What you should do: Take the line containing "Dacia Sandero - 1.2" and every line after it to the end of the records, and copy them exactly, excluding pictures.
START Records to use
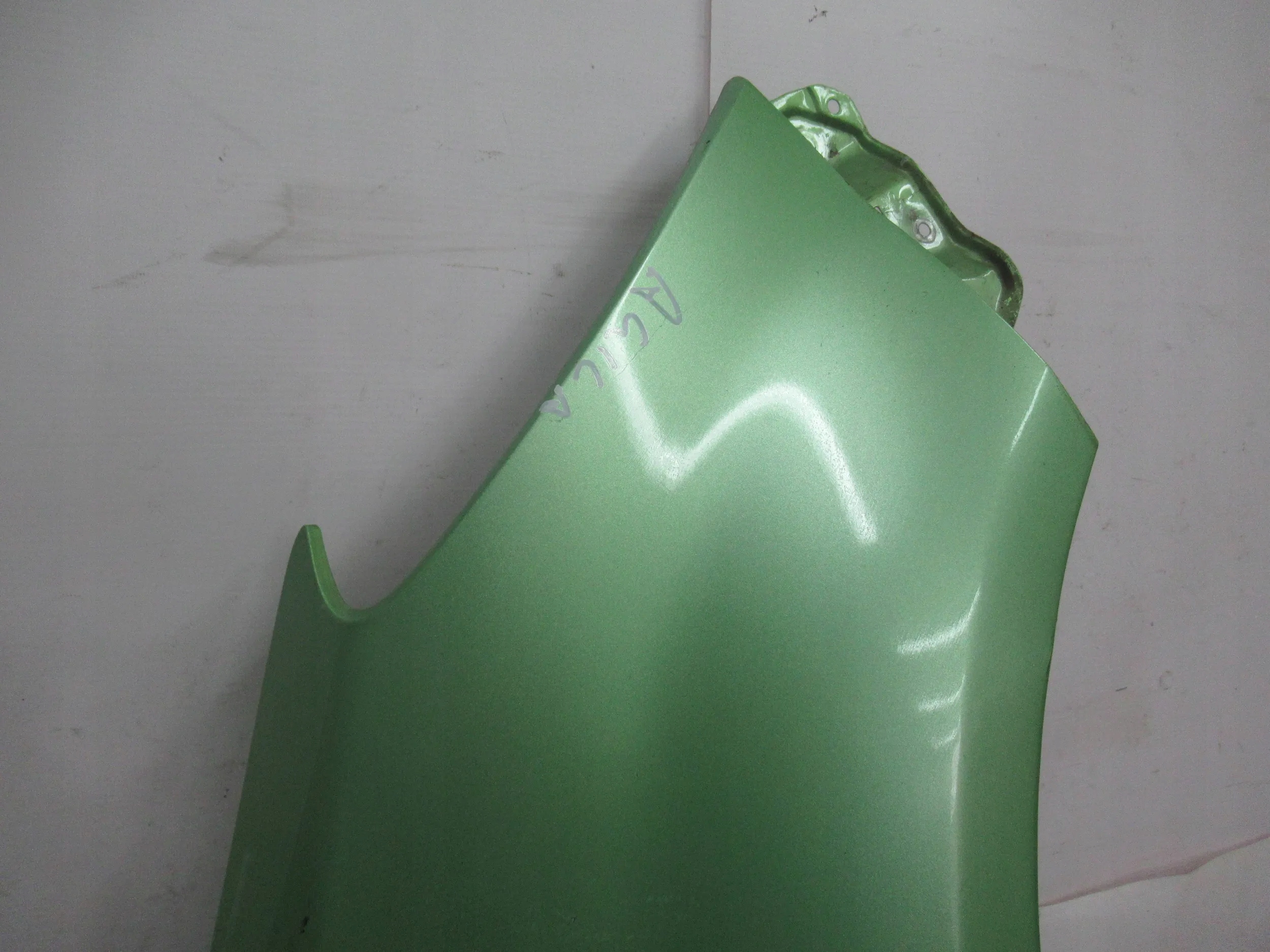 PRAVÝ PREDNÝ BLATNÍK Opel Agila B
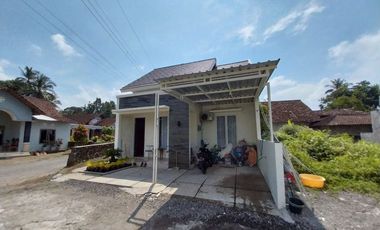 Rumah Murah di Sleman Jalan Lebar 5 Meter Dekat Pasar Ngemplak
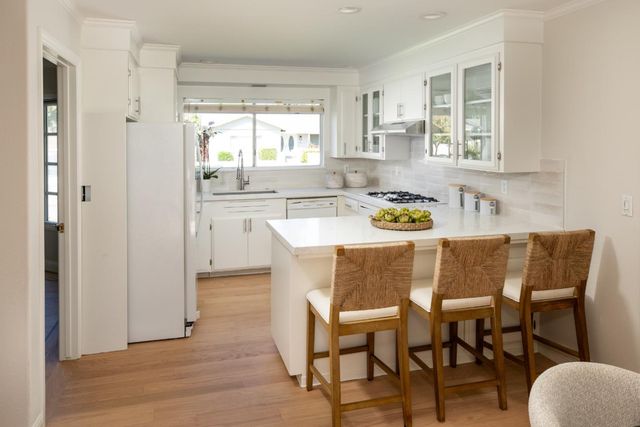 1740 Oak Avenue, Los Altos, CA 94024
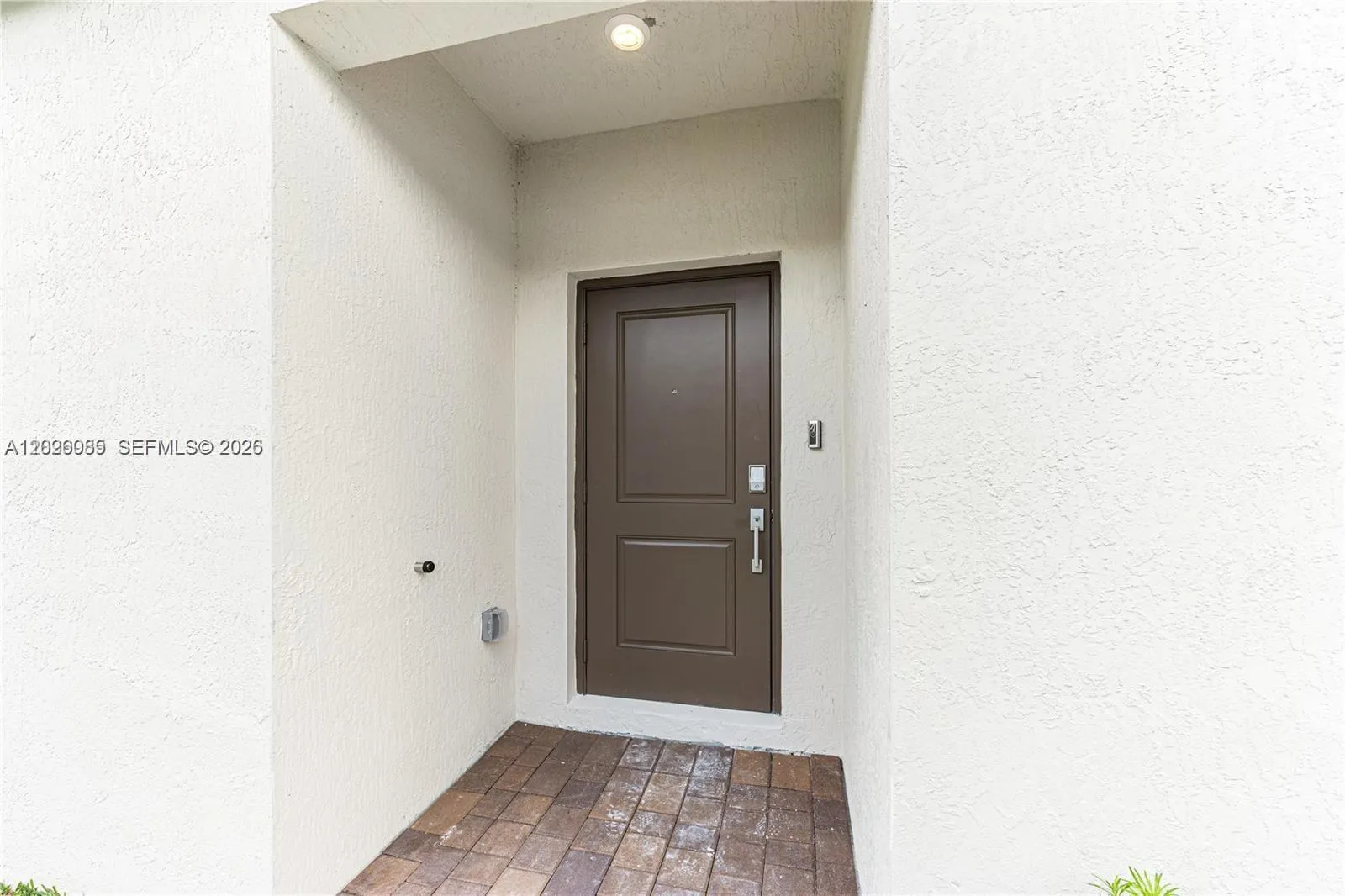 2209 SE 30th St # 2, Homestead FL 33035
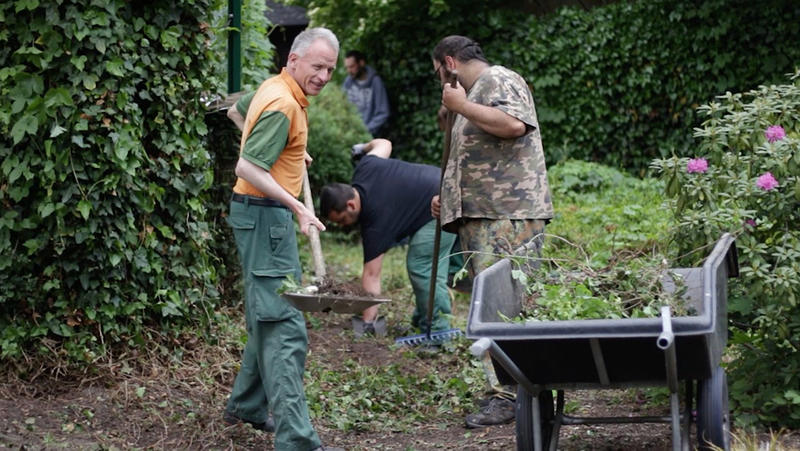 s:167:"Beschaeftigte der Celler Allertal-Werkstatt bauen am 27.05.20 waehrend der Corona-Isolation auf dem Gelaende der diakonischen Lobetalarbeit in Celle eine Feuerstelle. ";
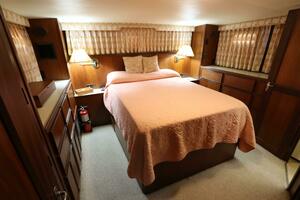 43ft Hatteras Yacht For Sale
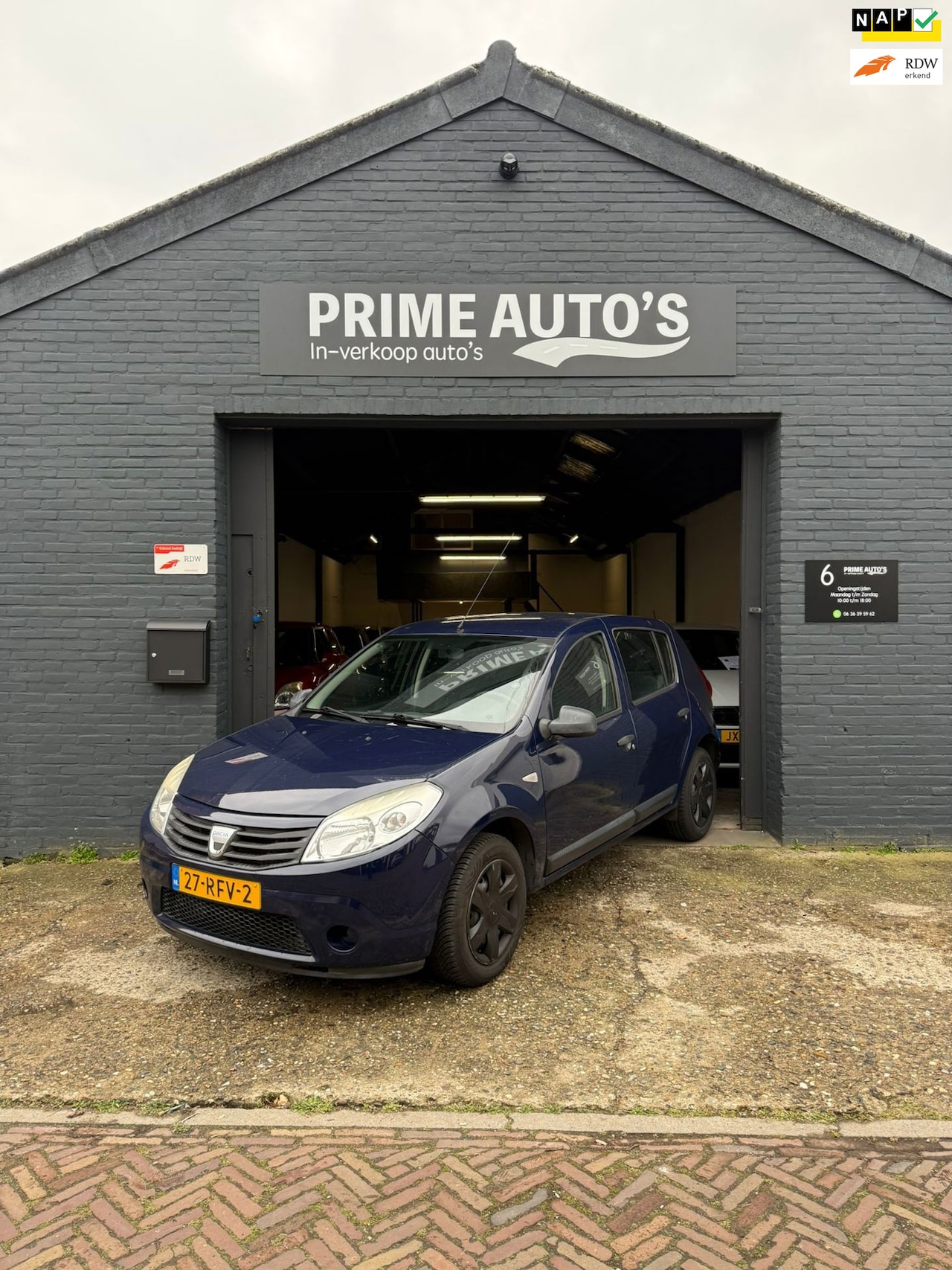 Dacia Sandero - 1.2 Ambiance NWE Koppeling | Airco 2011 - AutoWereld.nl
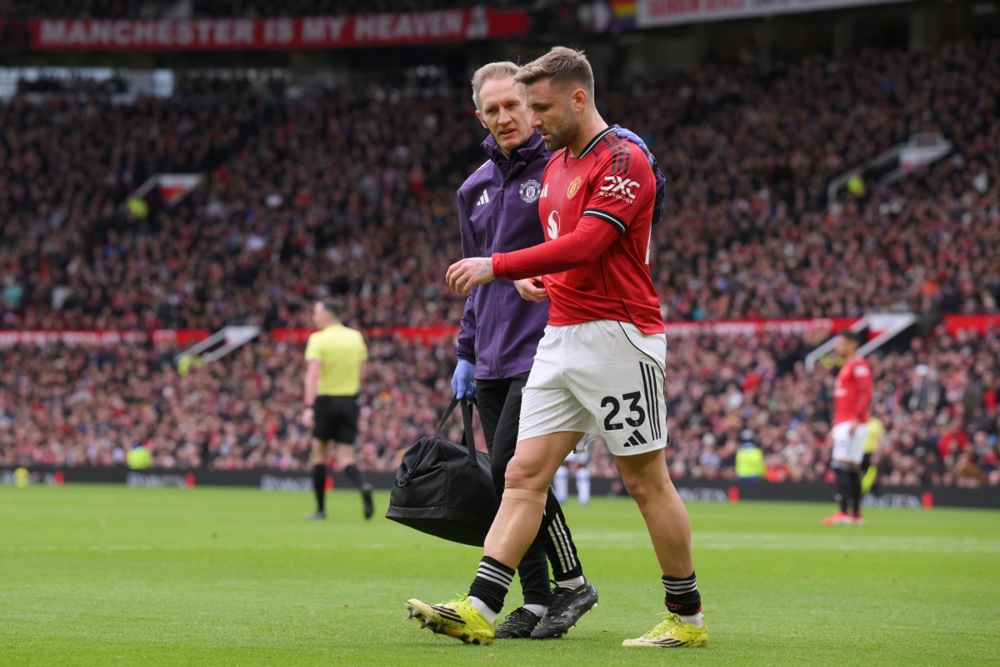 T&igrave;nh h&igrave;nh thể trạng của Luke Shaw vẫn l&agrave; vấn đề nhức nhối. Ảnh: EPA/Gary Oakley.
END Records to use
Response below:
 Dacia Sandero - 1.2 Ambiance NWE Koppeling | Airco 2011 - AutoWereld.nl
 T&igrave;nh h&igrave;nh thể trạng của Luke Shaw vẫn l&agrave; vấn đề nhức nhối. Ảnh: EPA/Gary Oakley.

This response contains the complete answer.